Baikonur, Kazakhstan, (APP - UrduPoint / Pakistan Point News - 21st Mar, 2018 ) :Two astronauts, a cosmonaut and a ball set to be used in the forthcoming football World Cup in Russia blasted off Wednesday for a two-day flight to the International Space Station.
NASA's Drew Feustel and Richard Arnold lifted off from the Baikonur cosmodrome in Kazakhstan for a five month mission in a Soyuz MS-08 under the command of Russian colleague Oleg Artemyev at the expected time of 1744 GMT.
All three crew members have been in space before although NASA duo Feustel, 52, and Arnold, 54, have never served on a long-duration spaceflight and have just 40 days in orbit between them. Artemyev, who is commanding a Soyuz craft for the first time, spent 169 days at the International Space Station during his previous mission in 2014.

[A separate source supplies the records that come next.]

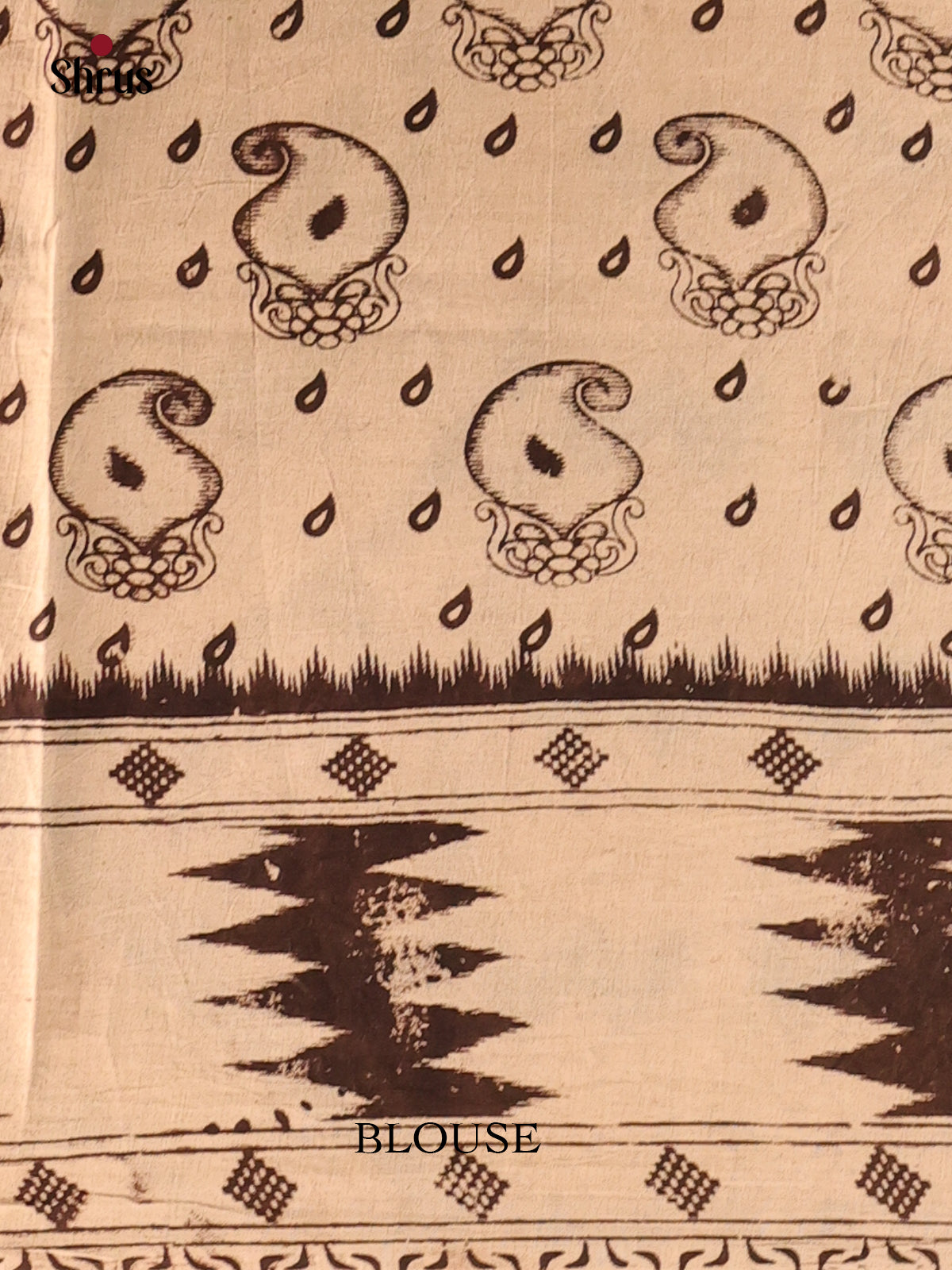 Beige & Blue- kalamkari-cotton Saree - Shop on Shrus.com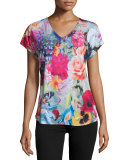 Heti Floral-Swirl Printed Tee, Fuchsia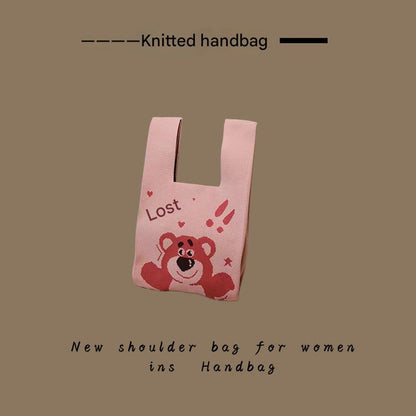Knitted Tote Bag with Floral Design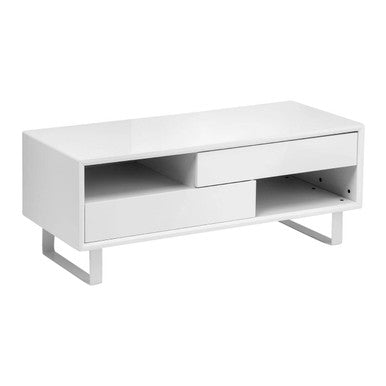 White High Gloss Coffee Table with 2 Drawers, 2 Open Shelves and White Metallic Legs, Moritz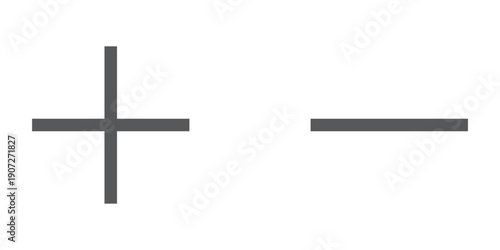 Plus, minus, multiply, divide, and equal sign icon design set, showcasing clean mathematical symbol icons for arithmetic, education, calculators, and digital interface design.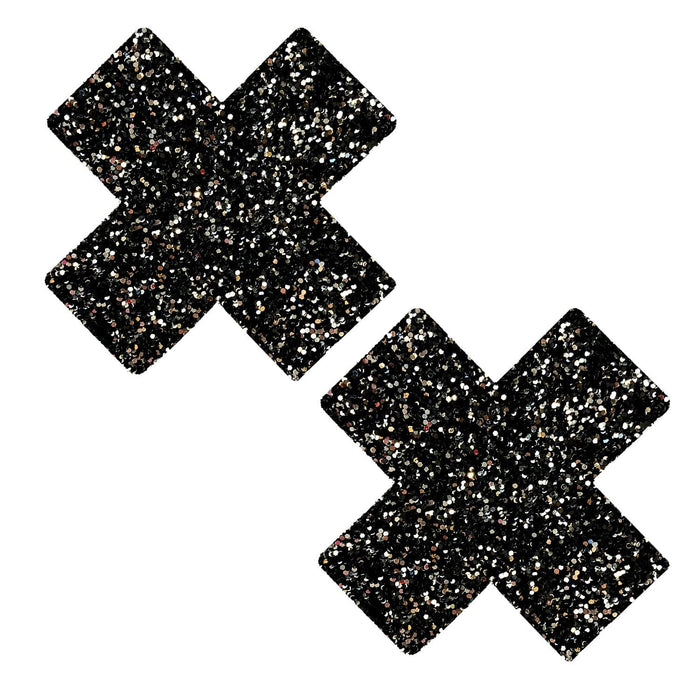Black glitter x Pasties, Neva Nude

In the build up to the launch, Russian media coverage homed in on Artemyev taking to the orbital laboratory a football that is expected to kick off the 2018 World Cup the country is hosting this summer.
"We are taking a ball with us," Artemyev told a pre-flight press conference on Tuesday. "Possibly the one that will be used in the first game," said the 47-year-old, who attended school in the steppe town right next to the cosmodrome in central Kazakhstan.
His colleague from the Russian space agency Anton Shkaplerov is expected to take the ball back down to earth less than two weeks before the national team take on Saudi Arabia in the tournament opener on June 14.
The three men will join Expedition 55 commander Shkaplerov NASA's Scott Tingle and Norishige Kanai of the Japanese space agency at the orbital lab on Friday. The ISS laboratory, a rare example of American and Russian cooperation, has been orbiting Earth at about 28,000 kilometres per hour since 1998.